Segundo o chefe do Governo, o executivo considera o sector privado “determinante” para o crescimento económico e emprego. Por isso, ajuntou, tem sido “consequente nas políticas” e “nas medidas” que já têm resultados.

Uma delas, concretizou, é a relação do Estado-parceiro com as organizações empresariais e com as empresas, caso concreto, acrescentou, da “delegação de competências” às câmaras de comércio e à câmara de turismo e da medida de transferência “de 80 por cento (%) da capital da FIC do Estado para as câmaras de comércio e organizações empresariais.”

Ulisses Correia e Silva citou ainda a criação de um “ecossistema facilitador de investimento”, através da “boa governança macroeconómica” que, no seu entender, é “ chapéu” para o “equilibro e para ambientes favoráveis” do Estado, das empresas e das famílias.

A estes juntam-se ainda, segundo a mesma fonte, a fiscalidade através de medidas com impacto “na redução de impostos” e no “alívio de tesouraria das empresas” e “o fomento empresarial” com as micro e pequenas e médias empresas que têm um “ecossistema favorável de financiamento.”

O primeiro-ministro garantiu também que Cabo Verde dará um salto no Doing Business no próximo ano, com as reformas que estão a ser feitas.

Dessas, destacou o alargamento na informatização dos Registos Comercial e do Registo Automóvel, com impacto, observou, na “redução do tempo” de prestação de serviço para os utentes e empresas, a implementação do Código de Recuperação e de Insolvência que, a seu ver, terá “benefícios” a nível do “aumento da “segurança jurídica” e “confiança dos agentes económicos”

“Essas reformas que estão em curso só não entraram na avaliação do Doing Business deste ano porque os diplomas não foram totalmente aprovados. Mas, foram aprovados no Conselho de Ministros e já deram entrada na Assembleia Nacional para concretização,” avançou Ulisses Correia e Silva, que defendeu que, para o Governo, quando se faz a leituras no Doing Business, “o importante é que haja efeitos evidentes” na melhoria das condições em que as empresas operam.

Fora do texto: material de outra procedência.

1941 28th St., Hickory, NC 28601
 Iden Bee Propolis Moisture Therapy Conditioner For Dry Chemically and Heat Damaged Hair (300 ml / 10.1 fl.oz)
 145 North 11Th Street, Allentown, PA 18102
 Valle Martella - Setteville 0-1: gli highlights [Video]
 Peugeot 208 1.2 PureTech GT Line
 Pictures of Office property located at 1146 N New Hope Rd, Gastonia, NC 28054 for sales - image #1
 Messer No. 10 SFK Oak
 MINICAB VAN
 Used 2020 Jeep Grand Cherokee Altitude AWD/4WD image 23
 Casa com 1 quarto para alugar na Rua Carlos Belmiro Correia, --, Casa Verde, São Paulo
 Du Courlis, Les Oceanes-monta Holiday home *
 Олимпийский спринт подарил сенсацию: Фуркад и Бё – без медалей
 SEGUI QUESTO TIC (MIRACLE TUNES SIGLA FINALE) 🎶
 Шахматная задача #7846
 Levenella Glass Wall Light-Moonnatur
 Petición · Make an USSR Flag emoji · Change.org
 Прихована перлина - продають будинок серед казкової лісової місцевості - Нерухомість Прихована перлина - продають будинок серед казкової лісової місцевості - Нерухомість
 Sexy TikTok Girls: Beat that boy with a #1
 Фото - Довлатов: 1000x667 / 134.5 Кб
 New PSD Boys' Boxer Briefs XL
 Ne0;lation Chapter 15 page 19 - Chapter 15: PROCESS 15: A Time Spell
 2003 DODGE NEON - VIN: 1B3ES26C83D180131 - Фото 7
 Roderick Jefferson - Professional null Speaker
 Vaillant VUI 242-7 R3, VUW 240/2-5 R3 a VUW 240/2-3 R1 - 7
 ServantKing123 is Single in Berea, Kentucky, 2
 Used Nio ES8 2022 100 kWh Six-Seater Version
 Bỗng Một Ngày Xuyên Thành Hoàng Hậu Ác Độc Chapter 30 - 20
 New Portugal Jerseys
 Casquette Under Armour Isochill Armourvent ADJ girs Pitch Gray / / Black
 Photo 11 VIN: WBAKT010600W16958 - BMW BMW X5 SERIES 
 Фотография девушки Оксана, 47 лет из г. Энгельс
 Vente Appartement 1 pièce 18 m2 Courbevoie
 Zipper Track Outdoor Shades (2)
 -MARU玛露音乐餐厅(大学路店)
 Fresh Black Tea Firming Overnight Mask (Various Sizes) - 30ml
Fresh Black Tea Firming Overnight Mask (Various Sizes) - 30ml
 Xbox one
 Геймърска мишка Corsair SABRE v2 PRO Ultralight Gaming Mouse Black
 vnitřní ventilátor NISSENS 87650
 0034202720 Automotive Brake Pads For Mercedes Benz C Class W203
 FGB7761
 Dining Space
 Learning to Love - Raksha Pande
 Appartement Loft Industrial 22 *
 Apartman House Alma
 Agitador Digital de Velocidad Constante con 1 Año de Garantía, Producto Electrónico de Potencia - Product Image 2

Ou seja, clarificou, que haja “menos custos de operações, mais agilidade nas decisões e que os efeitos sejam sentidos.”

No acto da abertura da 23ª edição da FIC também discursou o presidente da Câmara Municipal de São Vicente, Augusto Neves, este que preferiu aludir as potencialidades de São Vicente e os investimentos que estão a ser feitos pela câmara e pelo Governo.

A 23ª edição da FIC, inaugurada hoje, no Mindelo, pelo primeiro-ministro, Ulisses Correia e Silva, vai decorrer durante quatro dias e reúne 88 expositores organizados em 180 stands.